Flaws in the glass

19/07/2009 — 6 Comments

DO-178B and the B-777 9M-MRG Incident

In August 2005 a Boeing 777 experienced an in-flight upset caused by the aircraft’s Air Data Inertial Reference Unit (ADIRU), generating erroneous acceleration data. The software fault that caused this upset raises questions in turn about the DO-178 software development process. A subsequent investigation of the accident by the Australian Transportation Board (ATSB) identified that the following had occured:

  • accelerometer #5 failed on the first of June in a false high value output mode,
  • the ADIRU excluded accelerometer #5 from use in its computations,
  • the ADIRU unit remained in service with this failed component (1),
  • power to the ADIRU was cycled (causing a system reset),
  • accelerometer #6 then failed in-flight,
  • accelerometer #6 was excluded from use by the ADIRU,
  • the ADIRU then re-admitted accelerometer #5 into its computations, and
  • erroneous acceleration values were output to the flight computer.

A more severe event was prevented by the inclusion of Mid Value Select (MVS) voting into the primary flight computer that compared the Standby Air-data Attitude Reference Unit (SAARU) acceleration values to those being generated by the ADIRU (2).

Why did it happen?

While the status of the failed unit was recorded in the on-board maintenance computer memory, that memory was not checked by the ADIRU Operational Program Software (OPS) during the start-up initialisation sequence. The ADIRU software then treated the accelerometer fault as a transient event and allowed the accelerometer to be re-instated. The ATSB determined that a software ‘anomaly’ (but let’s call it what it was, a latent software fault) existed in the ADIRU OPS that allowed the reentry of accelerometer #5 into the channel. Previous versions of the software had masked this latent fault but software changes in a late release had exposed the fault allowing the above scenario to occur. The ATSB went onto state that:

The certification of the ADIRU operational program software (OPS) was dependent on it being tested against the requirements specified in the initial design. The conditions involved in this event were not identified in the testing requirements, so were not tested.
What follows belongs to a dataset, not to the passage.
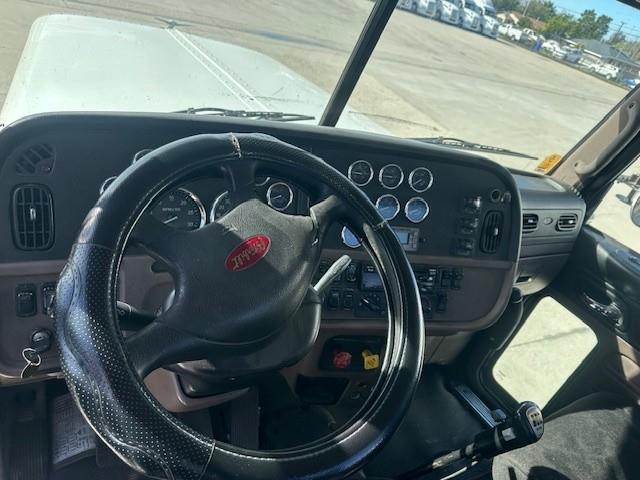 2020 Peterbilt 579-1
From the ATSB’s perspective at least, the root cause of the software fault is an incompleteness in the requirements specification resulting in the OPS having an incorrect model of the system upon startup. Safety engineers have frequently pointed out that inadequate specifications are the primary cause of safety related software problems, see for example the work of Leveson (1995) and Lutz (1993). Their work has identified incompleteness in software specifications as a major source of these problems. Leveson posits  appears to be that these incompleteness errors are related to fundamental human cognitive biases (Leveson 2000).

But what about DO-178B?

The ADIRU OFS had been previously certified as meeting the requirements of DO-178B the de-facto software certification standard for aviation software. So, if the software had been developed to DO-178, why was this fault still present? To answer this question one needs to understand that DO-178 is a process standard. Simplistically one formulates high level requirements at one end, follow the DO-178 process for deriving more and more detailed requirements and verifying them religiously until finally out pops a verified software product at the other end. If you follow the process your software is deemed to be safe. As a process standard DO-178 was not intended, and nor does it, incorporate any lessons learned from previous accidents or incidents involving software. So unlike other engineering standards, which embody the remembrance of past mistakes, DO-178 is therefore ‘memory-less’.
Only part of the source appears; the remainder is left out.